# 1. Feature Preparation

- Define additional features `SedUn` and `SuscFrac`
- Carry out train-test split
- Fit StandardScaler to data and save.

In [1]:
import pandas as pd
pd.set_option("max_colwidth", 50)
import geopandas as gpd



In [2]:
import sklearn
import numpy as np

In [3]:
pqfile="../data_preparation/staley16_observations_catchment_fuelpars_rocktype_randn_v3.parquet"
modelDataI = gpd.read_parquet(pqfile)

In [4]:
modelDataI.columns

Index(['fire_name', 'year', 'fire_id', 'fire_segid', 'database', 'state',
       'response', 'stormdate', 'gaugedist_m', 'stormstart', 'stormend',
       'stormdur_h', 'stormaccum_mm', 'stormavgi_mmh', 'peak_i15_mmh',
       'peak_i30_mmh', 'peak_i60_mmh', 'contributingarea_km2', 'prophm23',
       'dnbr1000', 'kf', 'acc015_mm', 'acc030_mm', 'acc060_mm', 'geom', 'lon',
       'lat', 'SiteID', 'NB', 'GR', 'GS', 'SH', 'TU', 'TL', 'dom',
       'Fine fuel load', 'SAV', 'Packing ratio', 'Extinction moisture content',
       'Igneous', 'Metamorphic', 'Sedimentary', 'Unconsolidated', 'domrt'],
      dtype='object')

Combining Sedimentary and Unconsolidated rocks, which have similar debris flow occurrences.
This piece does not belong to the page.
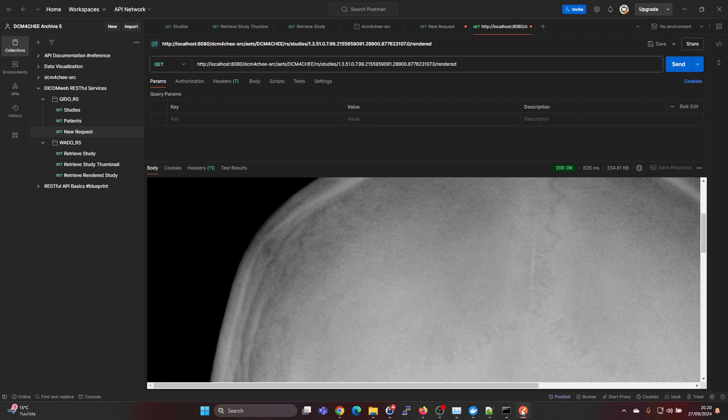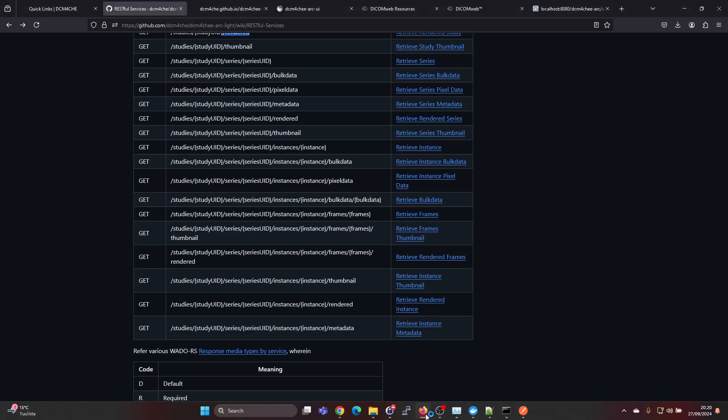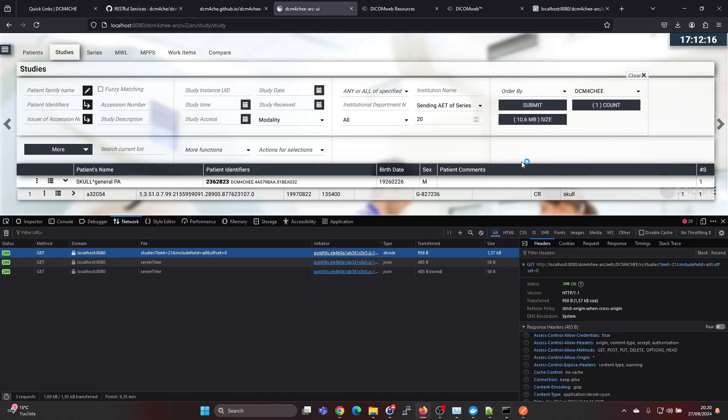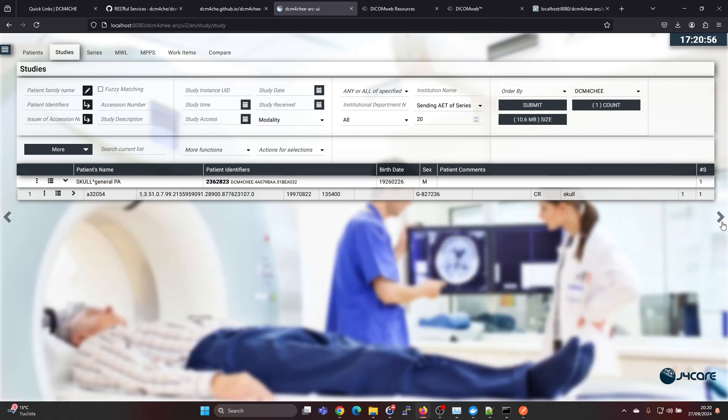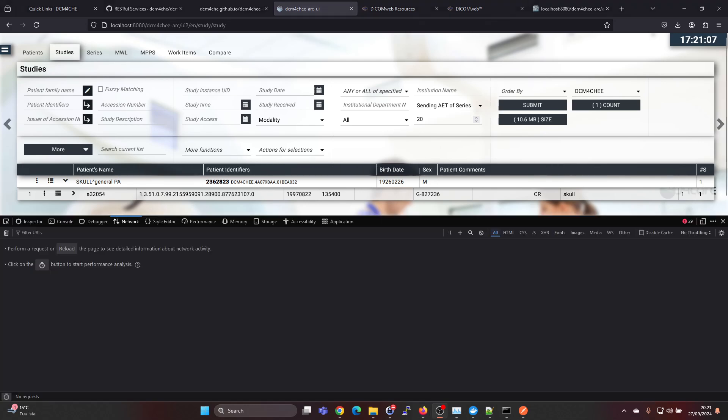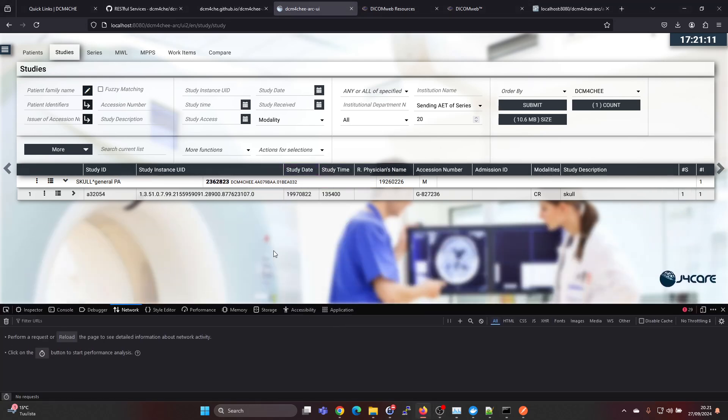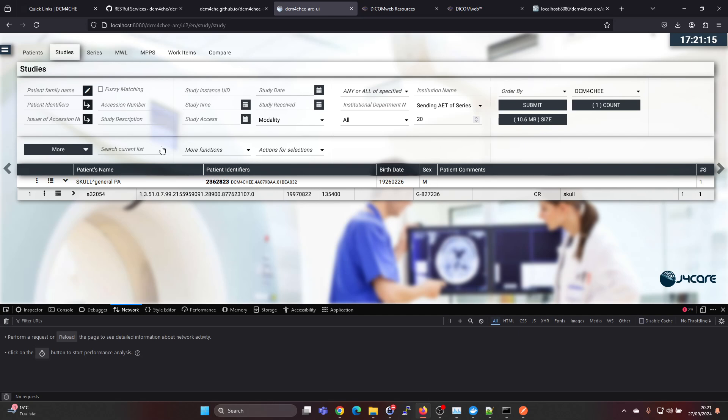If you still maybe need help with uploading a study into the Dicom4ChE archive, I'll just show you that briefly because it's actually quite easy to do as well. Let's just leave this open so we can see the StowRS, like what's happening there, because this is using StowRS to push the study.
Define additional features:
-  `SedUn`: fraction of watershed covered by sedimentary and unconsolidated rocks.
- `SuscFrac`: fraction of watershed covered by susceptible vegetation types (everything except grassland, `GR`

In [5]:
modelDataI["SedUn"]=modelDataI["Sedimentary"] + modelDataI["Unconsolidated"]
modelDataI["SuscFrac"]=modelDataI["GS"] + modelDataI["SH"] + modelDataI["TL"] + modelDataI["TU"]

In [16]:
#Columns to use for training

usecols=["stormdur_h",
         "stormaccum_mm",
         "peak_i15_mmh",
         "contributingarea_km2",
         "prophm23",
         "dnbr1000",
         "kf",
         "SedUn",
         "SuscFrac",
         "Fine fuel load",
         "response",
         "SiteID"]

In [17]:
cdata=modelDataI[usecols].copy()

In [18]:
len(cdata)

1550

In [19]:
cdata.dropna(inplace=True)
print(len(cdata))

1241


In [20]:
cdata.describe()

Unnamed: 0,stormdur_h,stormaccum_mm,peak_i15_mmh,contributingarea_km2,prophm23,dnbr1000,kf,SedUn,SuscFrac,Fine fuel load,response,SiteID
count,1241.0,1241.0,1241.0,1241.0,1241.0,1241.0,1241.0,1241.0,1241.0,1241.0,1241.0,1241.0
mean,20.680375,40.64519,22.243663,1.07553,0.475066,0.336579,0.232977,0.219603,0.707096,2.139664,0.254633,388.271555
std,17.975764,40.26644,19.618746,1.533322,0.276599,0.189419,0.474465,0.394165,0.227012,0.902508,0.435831,198.313326
min,0.0,1.33161,1.474149,0.0201,0.0,0.007158,0.0,0.0,0.0,0.963445,0.0,0.0
25%,3.574931,10.521874,10.095109,0.117824,0.224443,0.189733,0.15,0.0,0.540533,1.595921,0.0,213.0
50%,16.886956,26.191091,16.498849,0.468936,0.51899,0.311063,0.237299,0.0,0.74562,1.869197,0.0,403.0
75%,30.321443,58.139272,26.376207,1.375373,0.692219,0.456611,0.244227,0.146225,0.907119,2.190905,1.0,561.0
max,67.570797,238.504743,122.774776,7.888105,0.989526,0.997439,11.360418,1.0,1.0,6.568486,1.0,715.0


In [21]:
from sklearn.model_selection import train_test_split
from sklearn.preprocessing import StandardScaler

Data rows are split by SiteID, such that observations made at same site (during different storms) are not assigned to the both the test and training set.
The `unique` attribute is, therefore, essential - otherwise the split of train and test data by site is not guaranteed.

In [33]:
import pickle
[trainsites, testsites] = pickle.load(open("/tmp/testsites.pkl", "rb"))

In [42]:
trainsites, testsites = train_test_split(cdata["SiteID"].unique(), test_size=0.20, shuffle=True, random_state=2)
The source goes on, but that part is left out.